The project follows the follow steps:

* Step 1: Scope the Project and Gather Data
* Step 2: Explore and Assess the Data
* Step 3: Define the Data Model
* Step 4: Run ETL to Model the Data
* Step 5: Complete Project Write Up

In [1]:
# Import Libraries
import pandas as pd
import seaborn as sns
import matplotlib.pyplot as plt
import os
import configparser

from pyspark.sql import SparkSession

import utility

import importlib
"""importlib.reload(utility)
from utility import visualise_missing_values, clean_immigration, clean_temperature_data
from utility import clean_demographics_data"""

'importlib.reload(utility)\nfrom utility import visualise_missing_values, clean_immigration, clean_temperature_data\nfrom utility import clean_demographics_data'

In [2]:
config = configparser.ConfigParser()
config.read('config.cfg')

os.environ['AWS_ACCESS_KEY_ID']=config['AWS']['AWS_ACCESS_KEY_ID']
os.environ['AWS_SECRET_ACCESS_KEY']=config['AWS']['AWS_SECRET_ACCESS_KEY']

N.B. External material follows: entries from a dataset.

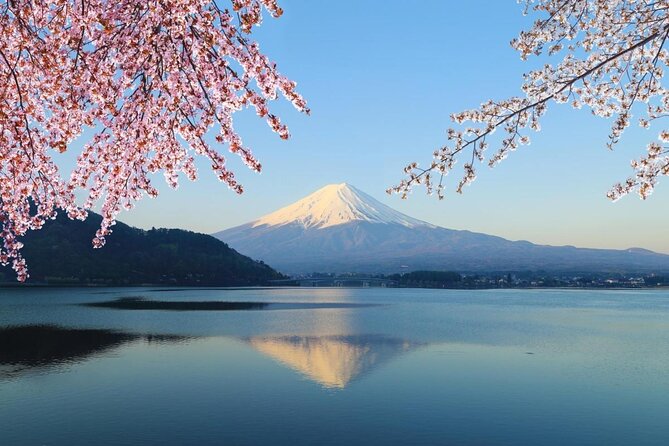 Tour Around Mount Fuji Group From 2 People ¥32,000 - Key Points
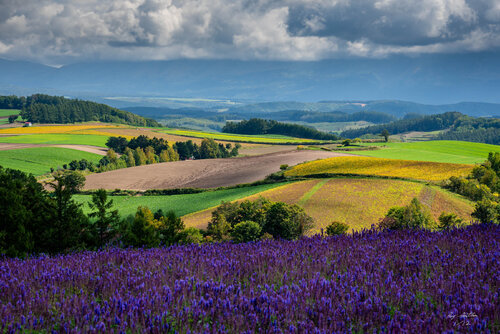 Hokkaido Patchwork Fields - Limited Edition 1 of 12, Landscape Photography Print - Japan series von Roy Gonthier, Fotografie kaufen auf Singulart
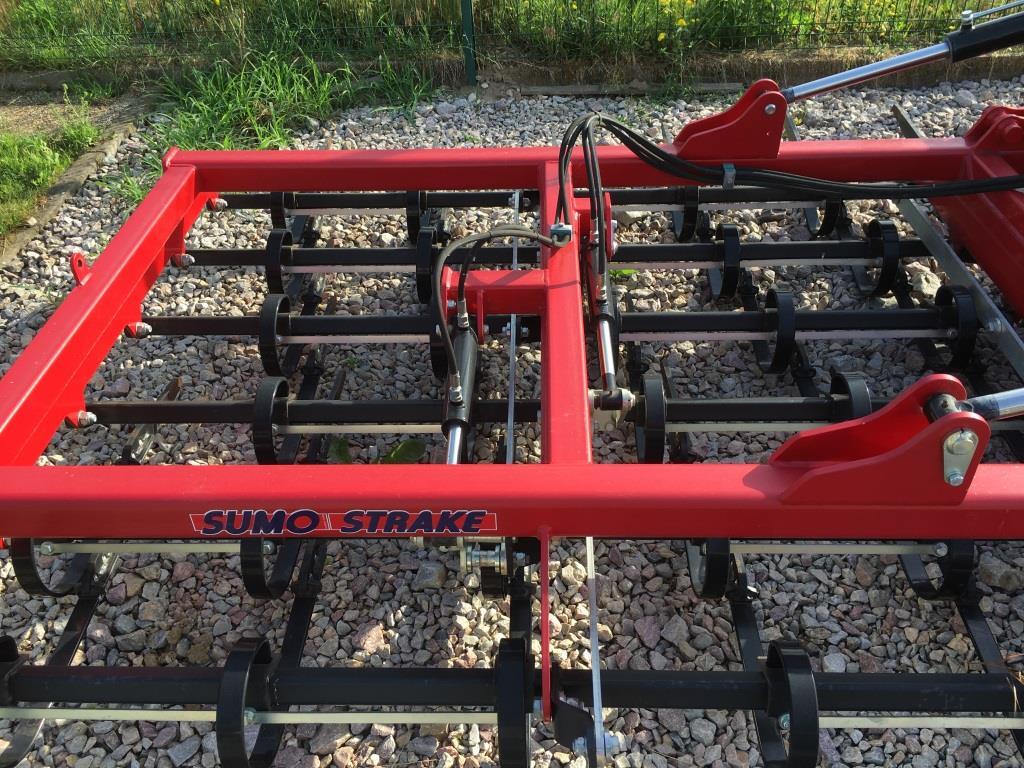 Sumo - Ecēša: foto 4 Sumo - Ecēša: foto 4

## Step 1: Scope the Project and Gather Data
### Scope
---
The objective of this project is to develop a cloud-based data warehouse solution that will provide decision and policy makers with an analytics database for immigration and toursim related data. A use case of this analytics database is to power dashboards and visualizations that assist organisations such as the National Travel & Tourism Office (NTTO) in it's quest to create a positive climate for growth in travel and tourism through reducing institutional barriers to tourism.

The technology used in this project is Amazon S3, Amazon Redshift, Apache Spark and Apache Airflow. Data will be read and staged from the customers repository to S3 using Spark. Scheduled monthly jobs will be run using Apache Airflow to populate a data warehouse on RedShift.

### Data Description
---
Describe the data sets you're using. Where did it come from? What type of information is included?

### World Temperature Data
* This dataset came from Kaggle.
### U.S. City Demographic Data
* This data comes from OpenSoft.
### Airport Code Table
* This is a simple table of airport codes and corresponding cities.

### Technology

### Architecture

### Immigration Data: Data Description
---
This data comes from the US National Tourism and Trade Office. In the past all foreign visitors to the U.S. arriving via air or sea were required to complete paper Customs and Border Protection Form I-94 Arrival/Departure Record or Form I-94W Nonimmigrant Visa Waiver Arrival/Departure Record and this dataset comes from this forms.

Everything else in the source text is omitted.